A Santa Rosa atende 1,2 mil alunos em três turnos e conta com três funcionárias, mas uma está afastada por ser do grupo de risco. A diretora comenta que precisaria de, ao menos, cinco profissionais para o serviço.
"Não tem monitor, não tem secretária. Eu vou ter que abrir o portão, colocar o termômetro. Em condições normais já tinha dificuldade, imagina agora", desabafa Isabel.
A diretora disse ao Brasil de Fato RS que está de plantão desde a semana passada, das 8h às 18h, esperando a entrega dos Equipamentos de Proteção Individuais (EPIs): "Não recebemos nada até agora. Nem álcool em gel, nem os tapetes e nem máscaras. Inclusive, nos prometeram três mil máscaras. Vão durar poucos dias para a demanda que teremos".
Em reunião com o Círculo de Pais e Mestres (CPM) da escola, a comunidade escolar decidiu que não voltará enquanto não houver segurança para educadores e estudantes. "Fizemos uma reunião e enviamos uma ata para a CRE e a Seduc informando que não voltaremos. Sequer se dignaram a nos responder", lamenta a diretora.
Fartura
A EEEM Governador Walter Jobim, de Viamão, tem uma sala inteira destinada a armazenar álcool em gel. A diretora Rosane Dorneles conta - achando graça do exagero - que a escola recebeu mais de 1,7 mil litros. Fora isso, nem máscaras, nem tapetes, nem termômetros. Nada.
"Nossa escola tem mais de mil alunos e mais de 30 salas, mas só dois funcionários em condição de trabalho para realizar a limpeza. O restante é de grupo de risco.

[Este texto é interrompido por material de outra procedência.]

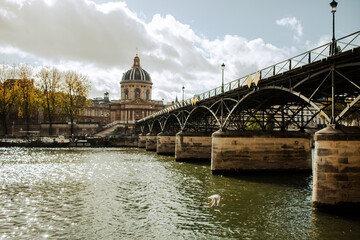 Wall Mural - view of the seine in paris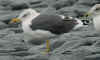 ad intermedius LBBG in winter, ringed in Norway. (55828 bytes)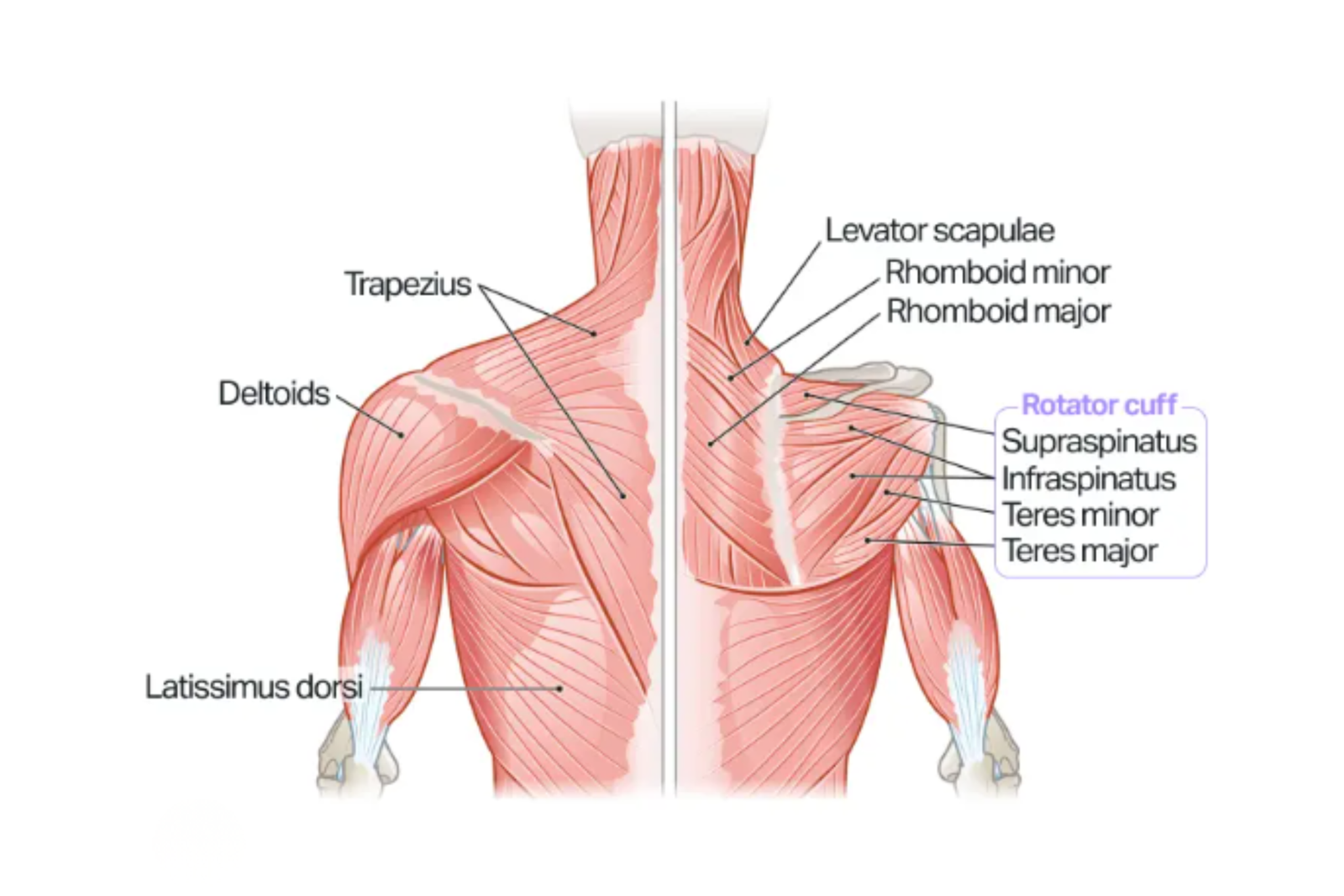 mnuscles of the rotator cuff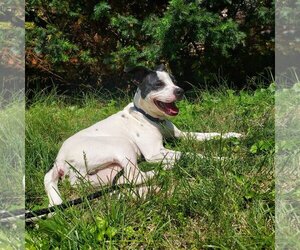 Rat Terrier-Unknown Mix Dogs for adoption in Columbus, IN, USA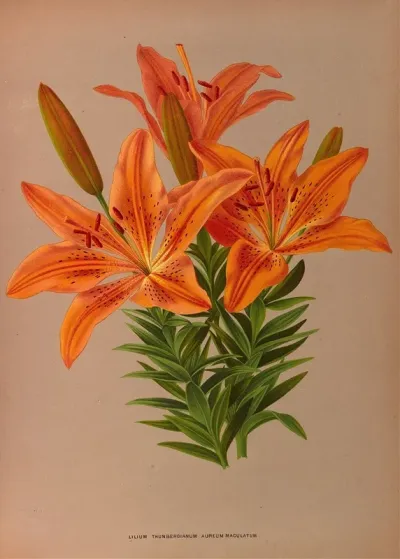 Ilium Thunbergianum Aureum Maculatum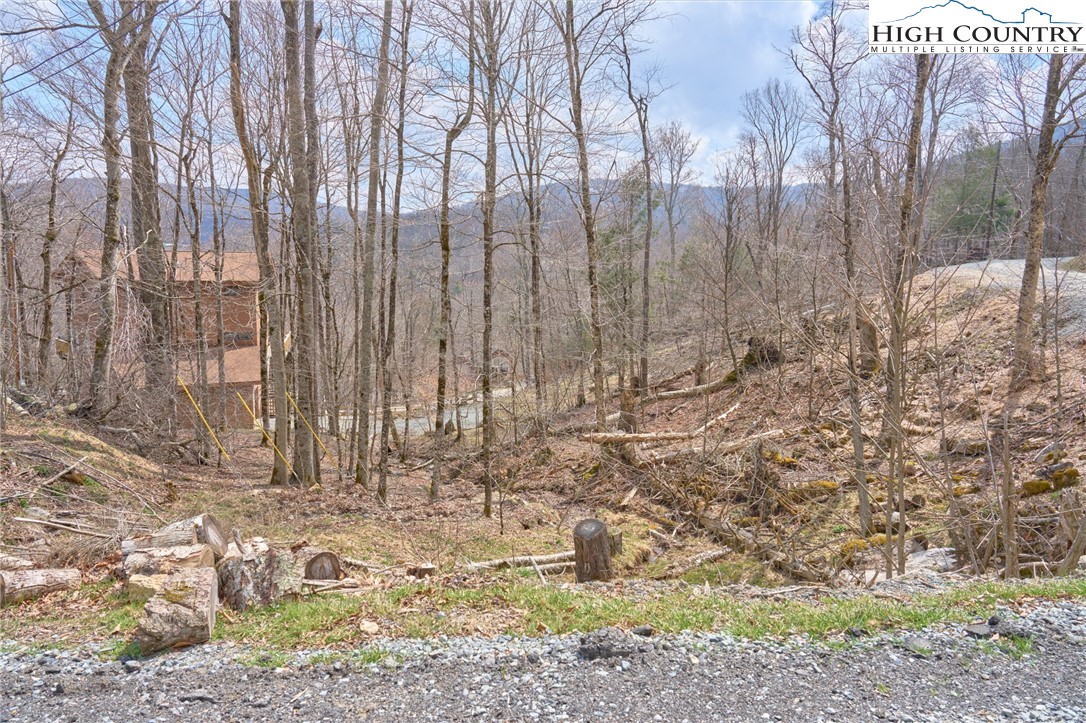 101 Foxgrape Hollow Road Property Photo 1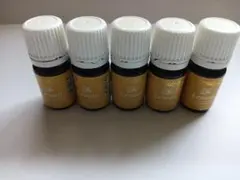 Young Living シトラスフレッシュ　ティートゥリー　レモン　3本セット Young Living シトラスフレッシュ ティートゥリー レモン 3本セット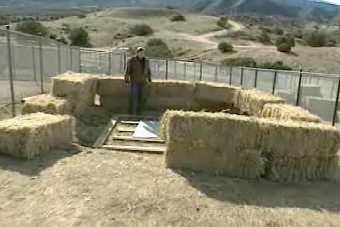 dog and cat sanctuary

Estamos desde dezembro passado sem professor de espanhol. Também falta monitor e secretário", relata Rosane.
Questionada sobre qual a resposta da mantenedora para a reposição dos quadros de RH, diz que os pedidos ficam estagnados, nunca evoluindo do status de "em análise". “Nós esperamos que o Estado respeite o decreto da prefeitura, que não permite a reabertura no dia 20. Porque nós não temos e não teremos condições. Quase toda a comunidade escolar também é contra o retorno”, conta a diretora.
Insegurança
De volta à capital, a EEEF Brasília, que atende cerca de 150 alunos do bairro Navegantes, está sem funcionários para realizar a limpeza. “Só temos uma e está de licença desde março. Ela já avisou que não volta”, explica a diretora Ana de Araújo Siqueira. “Não tem segurança para essa volta. Precisaríamos de mais duas funcionárias e a nossa merendeira também é do grupo de risco. Já solicitamos pessoal na CRE, mas até agora nada de retorno”, continua.
Faltam, também, supervisora e orientadora educacional. A diretora e a vice se revezam para atender a comunidade, que registra altos índices de vulnerabilidade e tem dificuldades com o ensino remoto. Ainda assim, só dois dos mais de 50 pais disseram que vão enviar os filhos à escola.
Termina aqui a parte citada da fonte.